For two years I worked as a hostess at a popular restaurant owned by some very close family friends. For two years I went through every single customer encounter you could ever dream of—yes, even the ones that you thought only happened in the movies. Unfortunately, they are very real.
When you first walk into a restaurant, the customary scene you'll be met with is one or two employees politely greeting you. What we are met with, is someone immediately telling us the number of their party. If somebody asks you how you are, you answer back right?! Wrong. At this moment, we are right off the bat pegging you as a rude customer.
We warn your server before they get to your table that you're going to be difficult because, obviously, you lack the common manners of most five-year-olds. We don't want them to be surprised when your first greeting to them is "Coffee. Decaf."
Let's say your greeting wasn't as painful, and you actually treated your hostesses as respectable human beings and not 'the help.' You get to your table, but your server doesn't immediately run up to you right as your butt hits the booth. Que the stank face. You are appalled that you are not their only table and cannot begin to fathom how they haven't brought your family of six their complicated drink order in less than two minutes.
Flash to the kitchen. We are 100% talking about you. We've had other employees pass your table to assure you that your server is super busy but is getting your drinks right now. Despite our overwhelming attention to you, you're still wildly unhappy. That's why we've decided to go slower than we usually would. We are in no hurry to help your server gather all of the proper cups for your glass of wine, cup of coffee, and styrofoam cup of chocolate milk for your eleven-year-old.

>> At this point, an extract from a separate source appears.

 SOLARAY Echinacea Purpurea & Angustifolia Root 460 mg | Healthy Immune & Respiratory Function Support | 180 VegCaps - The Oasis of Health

We've made our assumptions about your entire family already. You are a stay-at-home mom who excels in tennis at the local country club and gossiping about every single breathing human you've ever met. Your husband works a big wig job and because he can afford more ties than the average miserable forty-year-old, he thinks that gives him the 'okay' to treat those around him as though they are physically beneath him.

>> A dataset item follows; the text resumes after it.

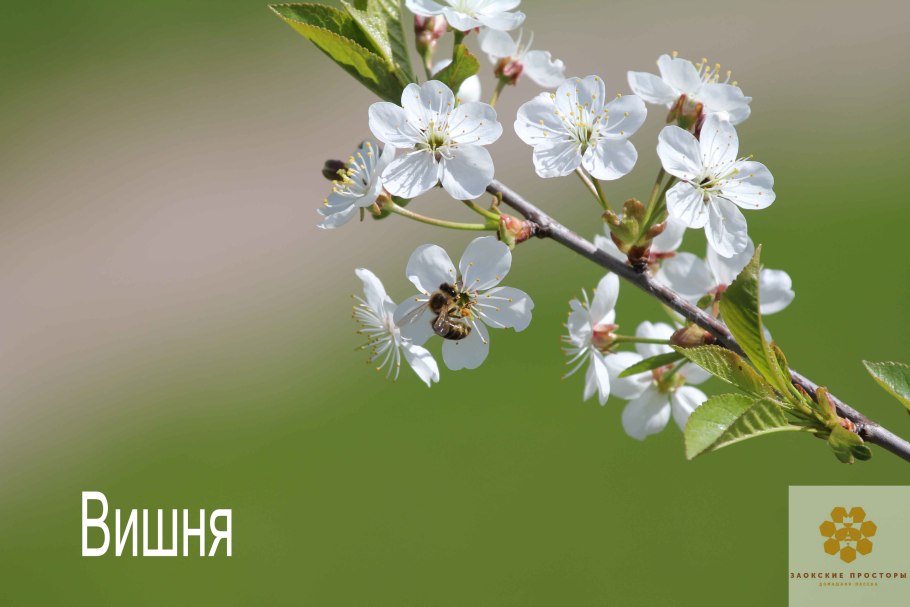 Весна пчелы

We already know how this encounter will end. You will leave a less than generous tip, not even hitting the 20% mark which is standard. We don't like you. Next time you come in, the servers will fight over who has to take care of you and your lovely family. We don't have time for people who don't value the work that we do.
A less threatening scenario and one that can go either way is if you're the person who asks for 2349857 things at different times, causing your server to run back and forth from the kitchen to your table. Now, your server is definitely going to be a little bit annoyed. That attitude just comes with the job. It's all about how you ask for things.
If you acknowledge the fact that you are running your server and are adding a 'please' and 'thank you' you're going to be appreciated. It's seriously the littlest things that don't make us hate our jobs. If you're rude and inconsiderate and demanding, then see the above paragraph for how we'll be reacting to it.
It's not hard to be nice to your restaurant employees, folks. Seriously, I promise. You don't have to treat us like we're the end all be all because we are surely not, but you aren't either. We're just working to get by and support ourselves and our loved ones.
And most importantly—if you aren't going to tip your server at least 20%, you should not be eating out.